What problems is the product solving and how is that benefiting you?
I use Check Point CloudGuard WAF to secure cloud-hosted apps, handle web threats, reduce false positives, improve traffic visibility, simplify multi-cloud security, support compliance, and lower operational overhead.
jawher s.
Effortless Cloud Security with Automated Protection
Reviewed on Apr 08, 2026
Review provided by G2
What do you like best about the product?
I like how Check Point CloudGuard WAF delivers strong automated threat prevention with minimal tuning, making cloud app protection feel both powerful and effortless. I also really appreciate how seamlessly CloudGuard WAF integrates with cloud-native workflows, applying protections automatically as new services spin up so security never slows down development. It's great how CloudGuard automatically applies security policies to every new cloud resource as it's created, so nothing ever launches unprotected and you don't have to slow down development to keep things secure.

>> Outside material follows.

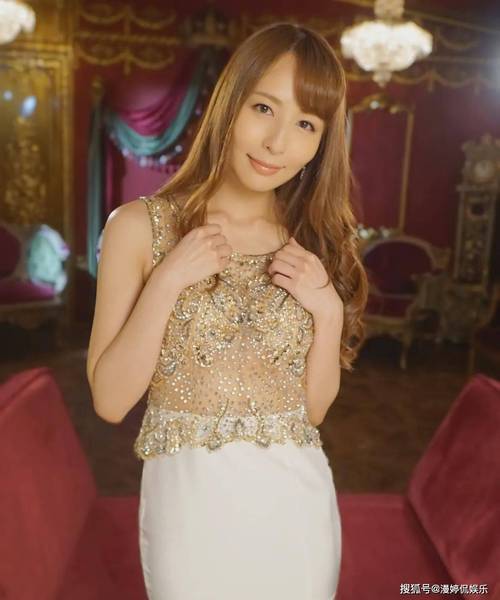 亚洲一区与二区内容解析:小向美奈子作品差异对比与观看指南 亚洲一区与二区内容解析:小向美奈子作品差异对比与观看指南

What do you dislike about the product?
CloudGuard WAF could improve by making advanced configuration and log analysis faster and less cumbersome. It would benefit from clearer, more intuitive advanced settings and a faster, more searchable log viewer that makes deep dive investigation less time-consuming.
What problems is the product solving and how is that benefiting you?
I use Check Point CloudGuard WAF to protect cloud applications by detecting, blocking, and mitigating web attacks. It solves the headache of constantly monitoring web defenses by automatically blocking threats like OWASP Top 10, bot attacks, and zero-day exploits, making protection feel both powerful and effortless.